If you have life and freedom from slavery through Christ to share with others, you have to share it. It would be monstrous to keep it to yourself, wouldn’t it?
We have begun the process of building a discipleship culture at Living Water. This is part of what Bishop John and our North American Lutheran Church are calling us to do, of course.
But, more importantly, Jesus calls us to be a congregation that makes disciples, not through programs, not through events, but through each us of sharing Christ’s truth boldly, lovingly, unapologetically, and relationally with the people in our lives, then inviting them to let us as individuals help them to know Jesus personally.
We need to ensure that every single disciple in Living Water who is willing to be used by God will be empowered by God’s Word to make other disciples, to speak the truth in love, to be accountable to other Christian sisters or brothers in our congregation, to live in the freedom that Jesus Christ died and rose to give us.

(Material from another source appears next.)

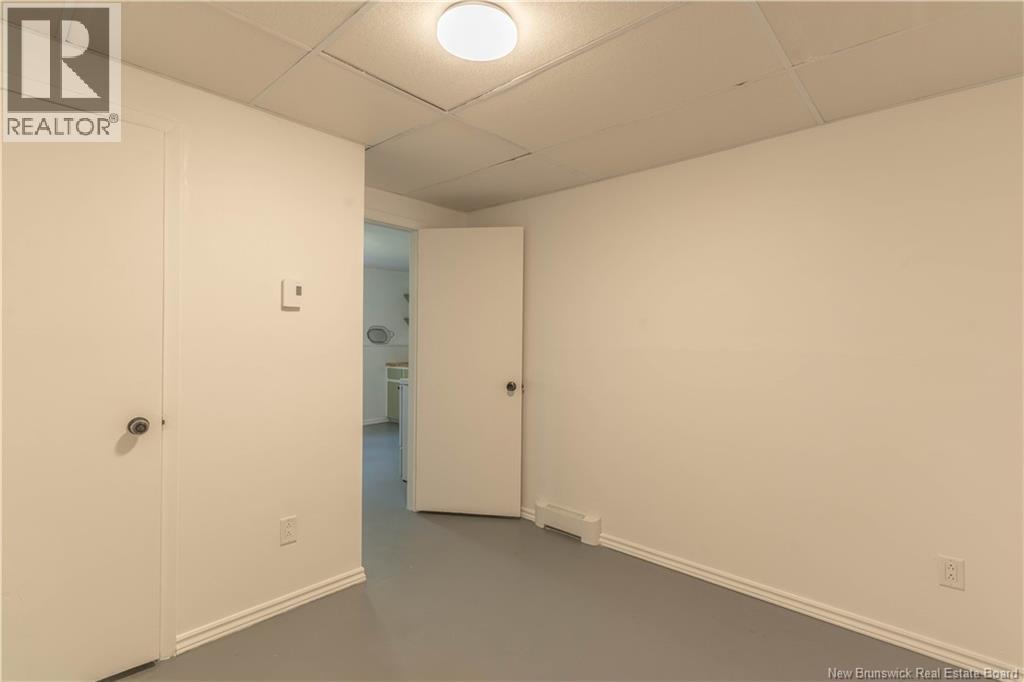 67 Moorefield Road - 30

We need to stop worrying about what others say and just live in the freedom we have in Jesus Christ!
It was from this perspective of freedom that Paul wrote to the churches at Galatia.

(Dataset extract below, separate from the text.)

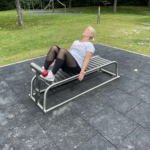Detailansicht des playfit Bauchtrainer K05041 aus Edelstahl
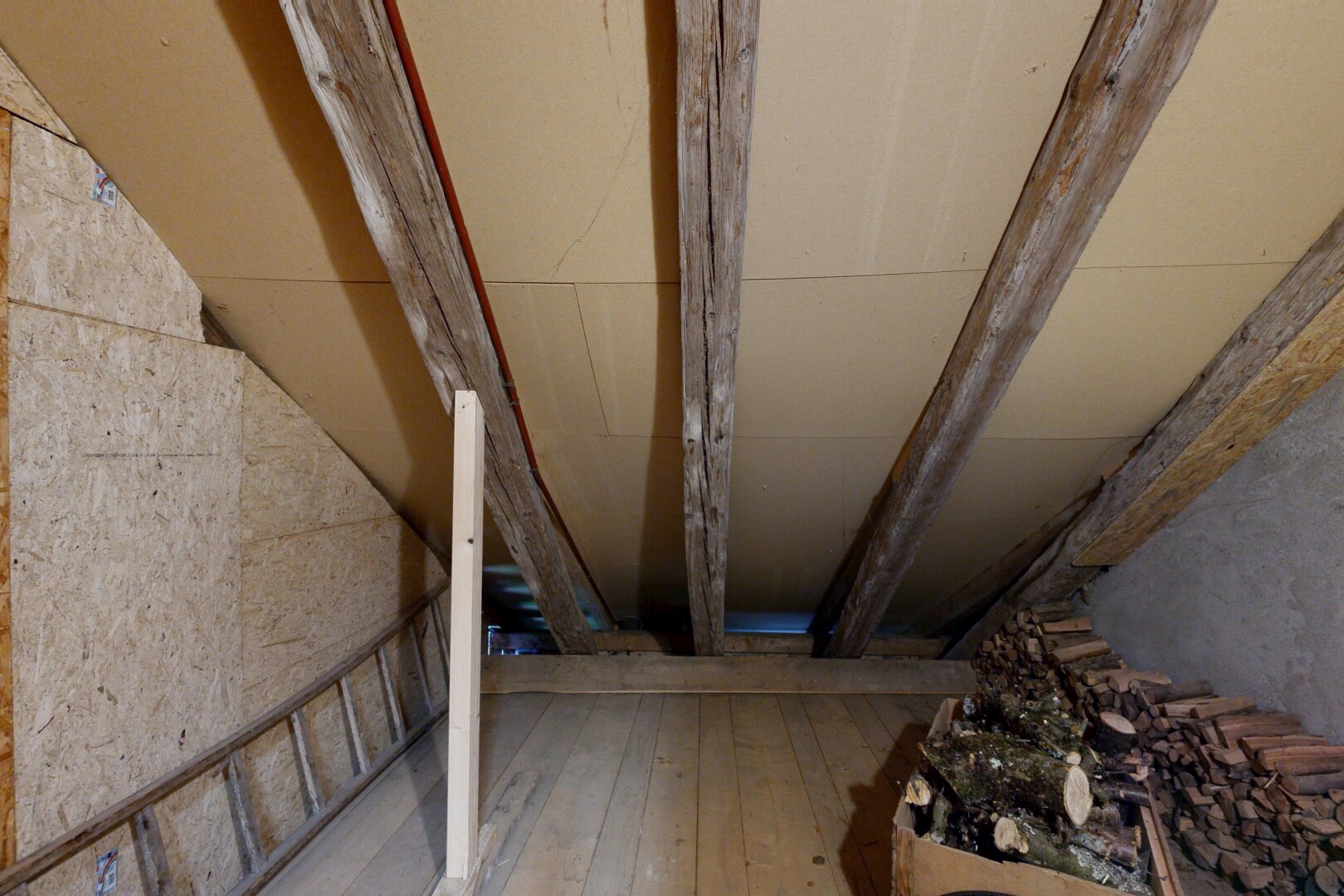 escaliers avec hardwood floor, wood finish floor, et sol en finition bois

Verse 6: “I am astonished that you are so quickly deserting the one who called you to live in the grace of Christ and are turning to a different gospel—which is really no gospel at all. Evidently some people are throwing you into confusion and are trying to pervert the gospel of Christ. But even if we or an angel from heaven should preach a gospel other than the one we preached to you, let them be under God’s curse! As we have already said, so now I say again: If anybody is preaching to you a gospel other than what you accepted, let them be under God’s curse!”

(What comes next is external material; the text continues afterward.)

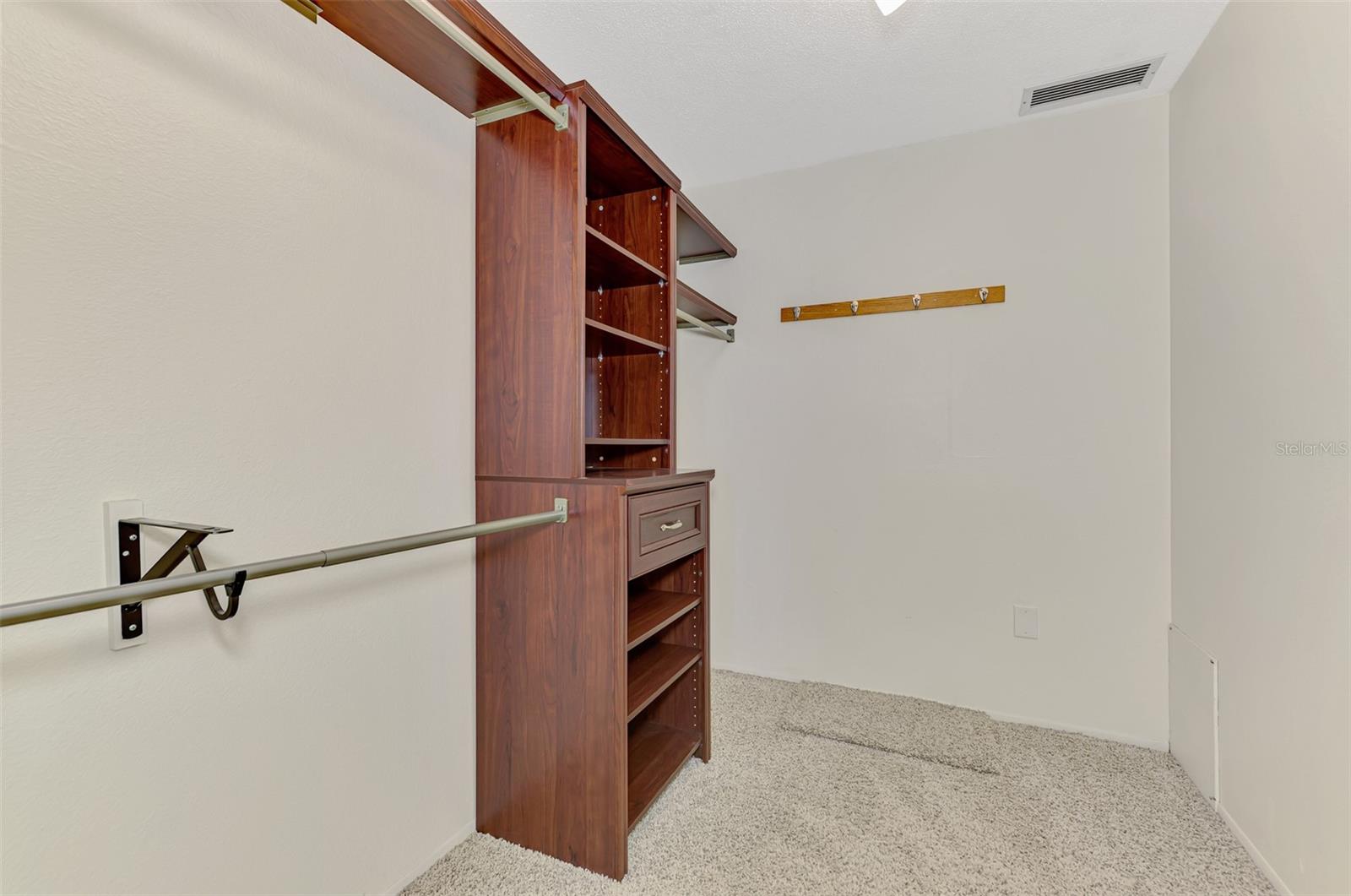 Image 20 of 31 For 725 Capri Isles Boulevard 725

Just as there is only one truth, God’s truth, and just as there’s only one way to life with God, Jesus, there’s also, Paul is saying, one Gospel.
Our word Gospel translates a word Paul and the other writers used in the New Testament Greek in which they wrote, euangelion. It means good news.
You all know the good news. It’s in John 3:16-18. Jesus gave the good news to a man named Nicodemus: “For God so loved the world that he gave his one and only Son, that whoever believes in him shall not perish but have eternal life. For God did not send his Son into the world to condemn the world, but to save the world through him. Whoever believes in him is not condemned, but whoever does not believe stands condemned already because they have not believed in the name of God’s one and only Son.”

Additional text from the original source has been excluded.